今だからこそ『テレビについて』しゃべる
西田二郎(ytvプロデューサー)×村田元(MBSプロデューサー)
「テレビマンにとっての"お金儲け"は大事?」


西田:金儲けは大事や、って思ってんの?
村田:テレビの番組作る人間としては、当たる番組を作るということがお金儲けなんだろうって。
西田:当たるというのは視聴率たくさん取ってることが、当たるということになるんでしょうか。

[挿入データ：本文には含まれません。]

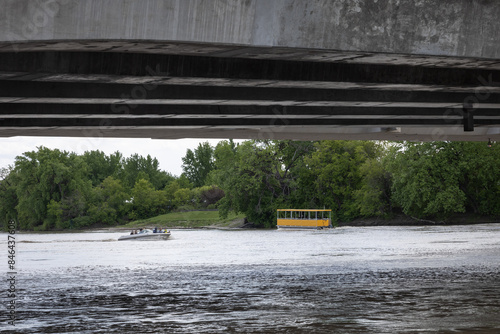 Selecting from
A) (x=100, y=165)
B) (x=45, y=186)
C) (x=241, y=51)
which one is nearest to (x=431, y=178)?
(x=45, y=186)

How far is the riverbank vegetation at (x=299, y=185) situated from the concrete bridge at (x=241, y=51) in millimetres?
65821

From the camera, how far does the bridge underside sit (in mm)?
11812

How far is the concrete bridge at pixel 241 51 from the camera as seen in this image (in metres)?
10.0

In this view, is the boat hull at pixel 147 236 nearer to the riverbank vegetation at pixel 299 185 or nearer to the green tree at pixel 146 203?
the riverbank vegetation at pixel 299 185

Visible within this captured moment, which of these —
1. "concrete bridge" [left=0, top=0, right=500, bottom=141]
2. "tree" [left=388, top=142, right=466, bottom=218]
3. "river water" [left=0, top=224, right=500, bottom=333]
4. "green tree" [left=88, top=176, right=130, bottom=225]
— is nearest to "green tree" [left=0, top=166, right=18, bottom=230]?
"green tree" [left=88, top=176, right=130, bottom=225]

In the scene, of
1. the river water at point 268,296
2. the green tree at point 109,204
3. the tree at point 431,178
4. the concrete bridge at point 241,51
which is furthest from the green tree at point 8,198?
the concrete bridge at point 241,51

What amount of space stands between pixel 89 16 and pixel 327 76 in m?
5.43

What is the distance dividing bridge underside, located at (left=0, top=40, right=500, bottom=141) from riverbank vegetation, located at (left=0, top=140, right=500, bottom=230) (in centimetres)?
5892

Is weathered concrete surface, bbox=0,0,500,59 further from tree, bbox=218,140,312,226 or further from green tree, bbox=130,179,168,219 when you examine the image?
green tree, bbox=130,179,168,219

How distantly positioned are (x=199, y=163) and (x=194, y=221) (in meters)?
68.9

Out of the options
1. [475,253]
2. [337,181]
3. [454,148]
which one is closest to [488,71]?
[475,253]

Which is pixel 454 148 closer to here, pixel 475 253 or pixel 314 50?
pixel 475 253

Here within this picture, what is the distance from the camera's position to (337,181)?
9731cm

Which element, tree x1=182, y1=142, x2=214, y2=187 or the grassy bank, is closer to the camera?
the grassy bank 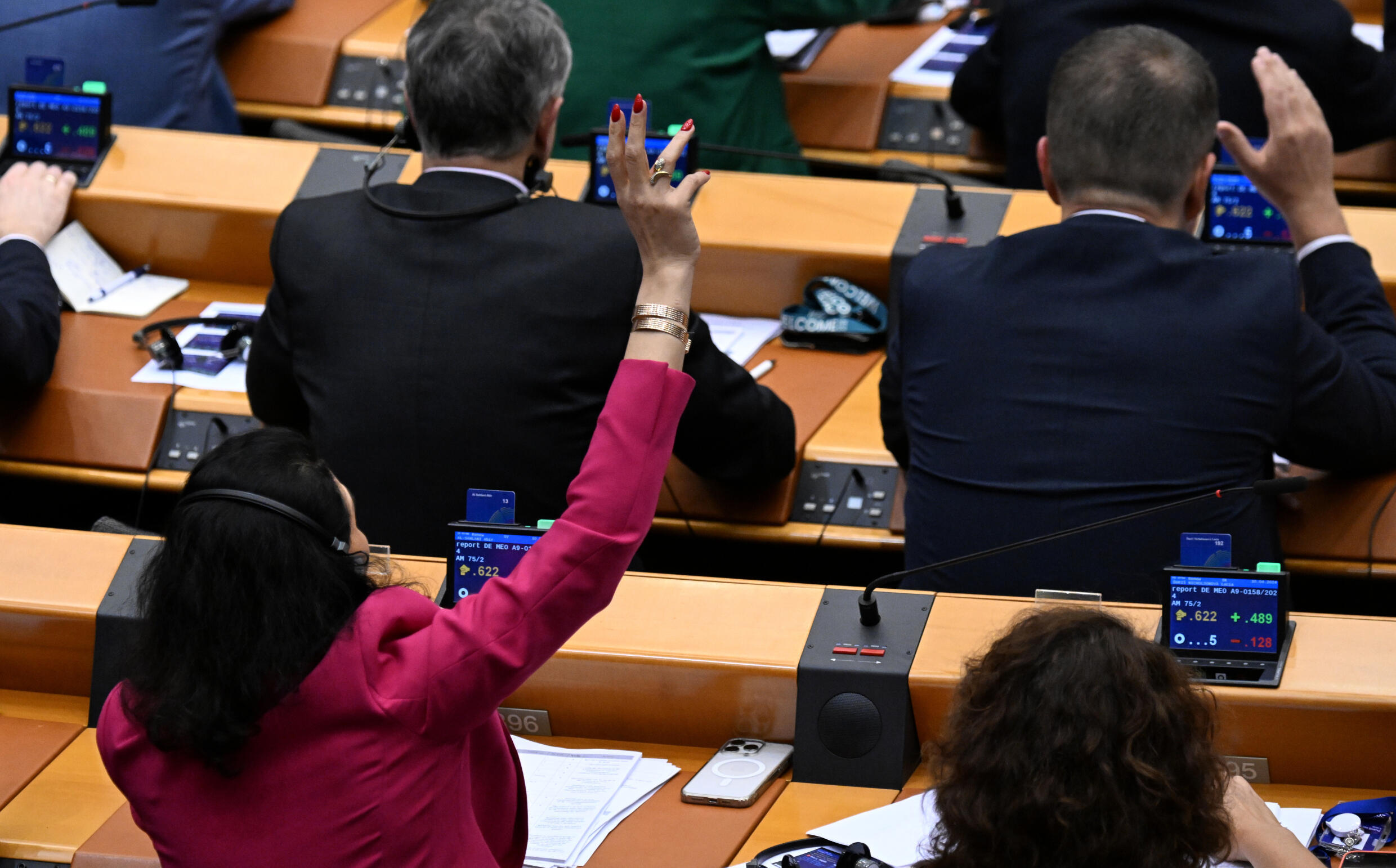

村田:僕は視聴率を取ったというよりは、それよりも僕の番組をマネして、第二第三の番組がどっかでできるという方が当たった感が強いです。
西田:あ、パクられたい?
村田:パクられたい。
西田:同じ業界の人に認められたいのね。同業者にパクられるぐらいリスペクトされたいのよね。お金儲けはしないとだめなんです。民間放送やし。でも、なんでお金儲けを考えなあかんのかって言ったら、社会に対するインパクトだと思うんですね。社会っていうものを揺り動かしたり、社会の何かを変えるほどの何かが見つかるような。アップルがiPhone作ったことは社会のインフラを作ってるわけで、これは儲けていいじゃないですか。あなたたちが社会を変えていくだけの創造的なテクニックとこれから先のものを融合した形で、時代を切り開いていく人たちですもんね、っていうことがお金というもので承認されていく。テレビの中で言うとどういった意味でやったものが社会を動かすんやろう、っていうことが考えられてたら、お金儲けに繋がるんやろうと思うんですよ。番組作って「これはもうシンパシー感じるわー」ってなったり、「困ってる人がいるからなんとかしようや」でお金集まるかもしれない。僕たちはなんでコンテンツを思いついたり、作ろうとしてるのかというと、お金儲けじゃないんですよ。何を与えたいかって言ったら、やっぱり喜びなのか発見なのかでしょう。それを一生懸命考えて、たくさんの人が心揺さぶられたり、行動を起こすんやったら、その分は返ってきたらええやんって思う。
村田:何かを動かしたからお金がついてきたっていう実感あります?
西田:そういう意味ではちゃんと社会にインパクトがあったから、2次的3次的に「何か商品開発やろか」とかになったりしたのはあるけど、「商品開発をするねん!」って番組作ってたらあかん、という気はしますよね。それはなんか目的がなんかちゃうところにいってしまってるやろうから。